**DATA SHOWN:**
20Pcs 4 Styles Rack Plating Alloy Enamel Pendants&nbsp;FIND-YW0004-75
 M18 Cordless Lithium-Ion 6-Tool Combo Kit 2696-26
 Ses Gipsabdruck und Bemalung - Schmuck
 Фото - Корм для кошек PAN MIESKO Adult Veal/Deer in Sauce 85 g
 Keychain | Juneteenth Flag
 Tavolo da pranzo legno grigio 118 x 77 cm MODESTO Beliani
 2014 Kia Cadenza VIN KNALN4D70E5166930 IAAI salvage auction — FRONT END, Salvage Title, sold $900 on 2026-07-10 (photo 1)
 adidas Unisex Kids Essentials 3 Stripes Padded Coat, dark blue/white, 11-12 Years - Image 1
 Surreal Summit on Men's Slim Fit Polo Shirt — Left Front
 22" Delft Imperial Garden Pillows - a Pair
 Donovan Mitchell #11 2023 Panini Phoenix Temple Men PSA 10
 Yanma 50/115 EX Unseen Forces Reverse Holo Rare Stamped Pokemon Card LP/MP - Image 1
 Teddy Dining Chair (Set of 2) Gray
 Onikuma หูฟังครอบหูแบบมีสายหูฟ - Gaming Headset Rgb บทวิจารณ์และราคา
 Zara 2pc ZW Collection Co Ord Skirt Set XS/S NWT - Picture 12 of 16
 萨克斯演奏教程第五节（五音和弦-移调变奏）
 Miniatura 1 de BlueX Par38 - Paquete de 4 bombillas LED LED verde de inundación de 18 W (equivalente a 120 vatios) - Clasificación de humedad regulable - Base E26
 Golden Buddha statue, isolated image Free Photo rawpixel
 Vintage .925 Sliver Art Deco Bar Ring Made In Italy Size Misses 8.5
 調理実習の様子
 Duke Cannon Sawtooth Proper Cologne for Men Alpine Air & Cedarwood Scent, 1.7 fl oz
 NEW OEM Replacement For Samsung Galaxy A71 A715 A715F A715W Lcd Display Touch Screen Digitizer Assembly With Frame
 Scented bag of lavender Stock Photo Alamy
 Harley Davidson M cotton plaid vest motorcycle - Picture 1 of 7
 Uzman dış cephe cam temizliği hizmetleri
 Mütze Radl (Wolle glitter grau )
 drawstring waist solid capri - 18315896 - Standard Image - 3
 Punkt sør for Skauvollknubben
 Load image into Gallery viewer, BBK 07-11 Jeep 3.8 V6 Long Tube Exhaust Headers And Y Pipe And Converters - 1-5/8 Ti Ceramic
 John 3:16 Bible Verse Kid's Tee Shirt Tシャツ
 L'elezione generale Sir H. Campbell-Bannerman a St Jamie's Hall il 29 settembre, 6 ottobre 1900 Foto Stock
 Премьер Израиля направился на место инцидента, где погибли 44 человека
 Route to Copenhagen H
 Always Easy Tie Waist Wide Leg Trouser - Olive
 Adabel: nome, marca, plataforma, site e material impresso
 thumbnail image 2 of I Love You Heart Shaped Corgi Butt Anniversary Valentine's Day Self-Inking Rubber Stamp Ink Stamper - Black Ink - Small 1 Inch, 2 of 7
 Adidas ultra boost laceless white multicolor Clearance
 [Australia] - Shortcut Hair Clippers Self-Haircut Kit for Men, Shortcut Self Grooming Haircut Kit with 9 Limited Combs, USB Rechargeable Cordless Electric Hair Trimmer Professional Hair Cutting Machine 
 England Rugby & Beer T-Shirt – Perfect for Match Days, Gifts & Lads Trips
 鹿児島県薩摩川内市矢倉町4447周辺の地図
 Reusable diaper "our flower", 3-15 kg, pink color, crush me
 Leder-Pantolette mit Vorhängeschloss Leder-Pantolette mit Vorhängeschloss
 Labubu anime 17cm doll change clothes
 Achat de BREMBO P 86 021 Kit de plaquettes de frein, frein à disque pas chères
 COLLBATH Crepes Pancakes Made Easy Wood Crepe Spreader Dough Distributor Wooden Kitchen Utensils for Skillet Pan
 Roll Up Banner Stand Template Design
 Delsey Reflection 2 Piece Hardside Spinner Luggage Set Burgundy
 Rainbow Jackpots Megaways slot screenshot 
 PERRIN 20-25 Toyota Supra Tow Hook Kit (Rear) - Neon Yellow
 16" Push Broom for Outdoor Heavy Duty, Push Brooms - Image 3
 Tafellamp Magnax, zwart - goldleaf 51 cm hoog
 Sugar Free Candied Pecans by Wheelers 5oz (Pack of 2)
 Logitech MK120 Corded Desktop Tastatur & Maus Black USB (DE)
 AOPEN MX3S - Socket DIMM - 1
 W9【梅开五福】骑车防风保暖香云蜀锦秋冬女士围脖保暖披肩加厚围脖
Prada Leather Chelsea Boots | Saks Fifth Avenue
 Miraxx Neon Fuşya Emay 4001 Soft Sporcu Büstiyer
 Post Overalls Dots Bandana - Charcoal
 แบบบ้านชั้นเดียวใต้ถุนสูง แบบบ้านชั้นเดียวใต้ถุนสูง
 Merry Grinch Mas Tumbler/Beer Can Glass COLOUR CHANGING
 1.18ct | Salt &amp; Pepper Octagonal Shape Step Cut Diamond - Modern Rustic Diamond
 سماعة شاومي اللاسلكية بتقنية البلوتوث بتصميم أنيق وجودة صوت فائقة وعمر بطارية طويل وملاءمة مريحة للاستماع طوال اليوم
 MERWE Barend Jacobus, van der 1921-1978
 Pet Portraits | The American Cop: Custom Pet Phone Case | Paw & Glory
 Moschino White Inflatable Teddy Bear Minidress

**EXERCISE DETAILS:** Keep every word intact and transcribe the records in full.

**WRITTEN ANSWER:**
20Pcs 4 Styles Rack Plating Alloy Enamel Pendants&nbsp;FIND-YW0004-75
 M18 Cordless Lithium-Ion 6-Tool Combo Kit 2696-26
 Ses Gipsabdruck und Bemalung - Schmuck
 Фото - Корм для кошек PAN MIESKO Adult Veal/Deer in Sauce 85 g
 Keychain | Juneteenth Flag
 Tavolo da pranzo legno grigio 118 x 77 cm MODESTO Beliani
 2014 Kia Cadenza VIN KNALN4D70E5166930 IAAI salvage auction — FRONT END, Salvage Title, sold $900 on 2026-07-10 (photo 1)
 adidas Unisex Kids Essentials 3 Stripes Padded Coat, dark blue/white, 11-12 Years - Image 1
 Surreal Summit on Men's Slim Fit Polo Shirt — Left Front
 22" Delft Imperial Garden Pillows - a Pair
 Donovan Mitchell #11 2023 Panini Phoenix Temple Men PSA 10
 Yanma 50/115 EX Unseen Forces Reverse Holo Rare Stamped Pokemon Card LP/MP - Image 1
 Teddy Dining Chair (Set of 2) Gray
 Onikuma หูฟังครอบหูแบบมีสายหูฟ - Gaming Headset Rgb บทวิจารณ์และราคา
 Zara 2pc ZW Collection Co Ord Skirt Set XS/S NWT - Picture 12 of 16
 萨克斯演奏教程第五节（五音和弦-移调变奏）
 Miniatura 1 de BlueX Par38 - Paquete de 4 bombillas LED LED verde de inundación de 18 W (equivalente a 120 vatios) - Clasificación de humedad regulable - Base E26
 Golden Buddha statue, isolated image Free Photo rawpixel
 Vintage .925 Sliver Art Deco Bar Ring Made In Italy Size Misses 8.5
 調理実習の様子
 Duke Cannon Sawtooth Proper Cologne for Men Alpine Air & Cedarwood Scent, 1.7 fl oz
 NEW OEM Replacement For Samsung Galaxy A71 A715 A715F A715W Lcd Display Touch Screen Digitizer Assembly With Frame
 Scented bag of lavender Stock Photo Alamy
 Harley Davidson M cotton plaid vest motorcycle - Picture 1 of 7
 Uzman dış cephe cam temizliği hizmetleri
 Mütze Radl (Wolle glitter grau )
 drawstring waist solid capri - 18315896 - Standard Image - 3
 Punkt sør for Skauvollknubben
 Load image into Gallery viewer, BBK 07-11 Jeep 3.8 V6 Long Tube Exhaust Headers And Y Pipe And Converters - 1-5/8 Ti Ceramic
 John 3:16 Bible Verse Kid's Tee Shirt Tシャツ
 L'elezione generale Sir H. Campbell-Bannerman a St Jamie's Hall il 29 settembre, 6 ottobre 1900 Foto Stock
 Премьер Израиля направился на место инцидента, где погибли 44 человека
 Route to Copenhagen H
 Always Easy Tie Waist Wide Leg Trouser - Olive
 Adabel: nome, marca, plataforma, site e material impresso
 thumbnail image 2 of I Love You Heart Shaped Corgi Butt Anniversary Valentine's Day Self-Inking Rubber Stamp Ink Stamper - Black Ink - Small 1 Inch, 2 of 7
 Adidas ultra boost laceless white multicolor Clearance
 [Australia] - Shortcut Hair Clippers Self-Haircut Kit for Men, Shortcut Self Grooming Haircut Kit with 9 Limited Combs, USB Rechargeable Cordless Electric Hair Trimmer Professional Hair Cutting Machine 
 England Rugby & Beer T-Shirt – Perfect for Match Days, Gifts & Lads Trips
 鹿児島県薩摩川内市矢倉町4447周辺の地図
 Reusable diaper "our flower", 3-15 kg, pink color, crush me
 Leder-Pantolette mit Vorhängeschloss Leder-Pantolette mit Vorhängeschloss
 Labubu anime 17cm doll change clothes
 Achat de BREMBO P 86 021 Kit de plaquettes de frein, frein à disque pas chères
 COLLBATH Crepes Pancakes Made Easy Wood Crepe Spreader Dough Distributor Wooden Kitchen Utensils for Skillet Pan
 Roll Up Banner Stand Template Design
 Delsey Reflection 2 Piece Hardside Spinner Luggage Set Burgundy
 Rainbow Jackpots Megaways slot screenshot 
 PERRIN 20-25 Toyota Supra Tow Hook Kit (Rear) - Neon Yellow
 16" Push Broom for Outdoor Heavy Duty, Push Brooms - Image 3
 Tafellamp Magnax, zwart - goldleaf 51 cm hoog
 Sugar Free Candied Pecans by Wheelers 5oz (Pack of 2)
 Logitech MK120 Corded Desktop Tastatur & Maus Black USB (DE)
 AOPEN MX3S - Socket DIMM - 1
 W9【梅开五福】骑车防风保暖香云蜀锦秋冬女士围脖保暖披肩加厚围脖
Prada Leather Chelsea Boots | Saks Fifth Avenue
 Miraxx Neon Fuşya Emay 4001 Soft Sporcu Büstiyer
 Post Overalls Dots Bandana - Charcoal
 แบบบ้านชั้นเดียวใต้ถุนสูง แบบบ้านชั้นเดียวใต้ถุนสูง
 Merry Grinch Mas Tumbler/Beer Can Glass COLOUR CHANGING
 1.18ct | Salt &amp; Pepper Octagonal Shape Step Cut Diamond - Modern Rustic Diamond
 سماعة شاومي اللاسلكية بتقنية البلوتوث بتصميم أنيق وجودة صوت فائقة وعمر بطارية طويل وملاءمة مريحة للاستماع طوال اليوم
 MERWE Barend Jacobus, van der 1921-1978
 Pet Portraits | The American Cop: Custom Pet Phone Case | Paw & Glory
 Moschino White Inflatable Teddy Bear Minidress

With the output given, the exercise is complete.